(STORED DATA)
╭──

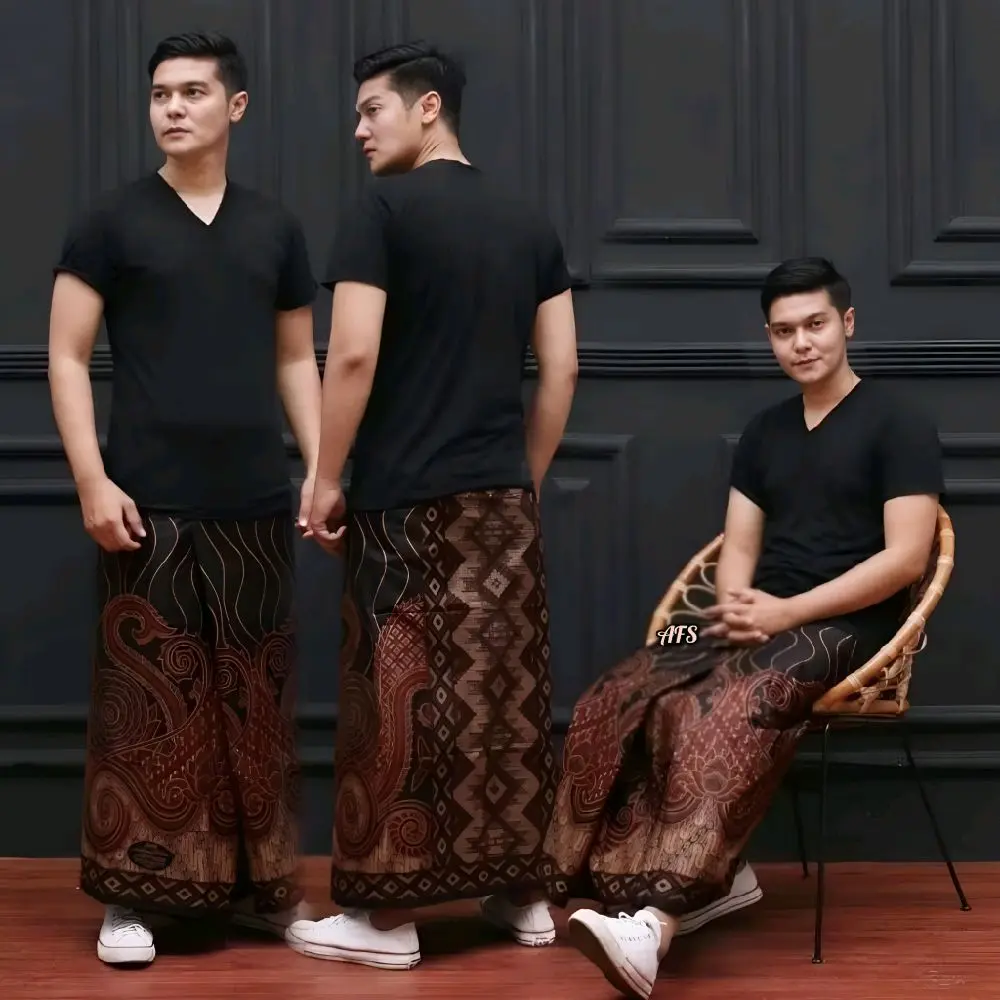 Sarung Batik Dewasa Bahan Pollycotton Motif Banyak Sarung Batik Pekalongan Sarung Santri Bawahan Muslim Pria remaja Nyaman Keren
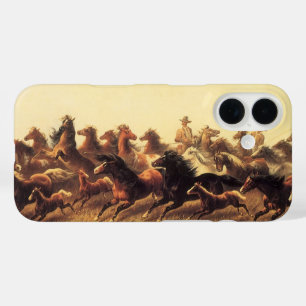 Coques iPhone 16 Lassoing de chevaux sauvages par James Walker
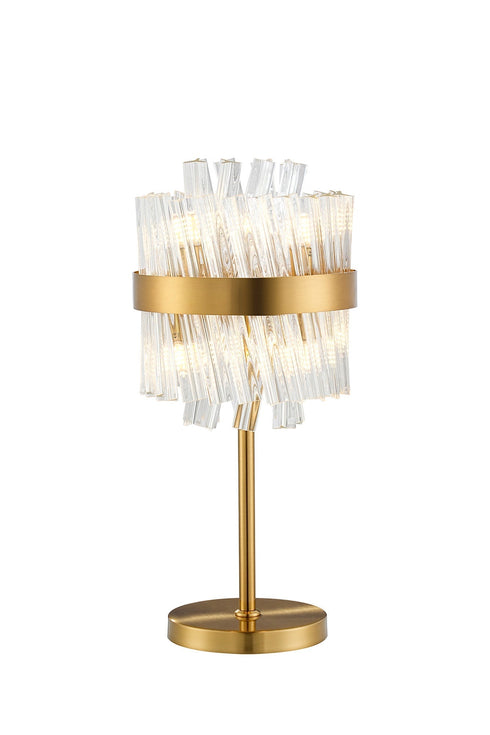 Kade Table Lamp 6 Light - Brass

╰──

(ABOUT THIS EXERCISE) Every line above has to be output exactly; the pictures must be dropped.

(EXPECTED OUTPUT)
 Sarung Batik Dewasa Bahan Pollycotton Motif Banyak Sarung Batik Pekalongan Sarung Santri Bawahan Muslim Pria remaja Nyaman Keren
 Coques iPhone 16 Lassoing de chevaux sauvages par James Walker
 Kade Table Lamp 6 Light - Brass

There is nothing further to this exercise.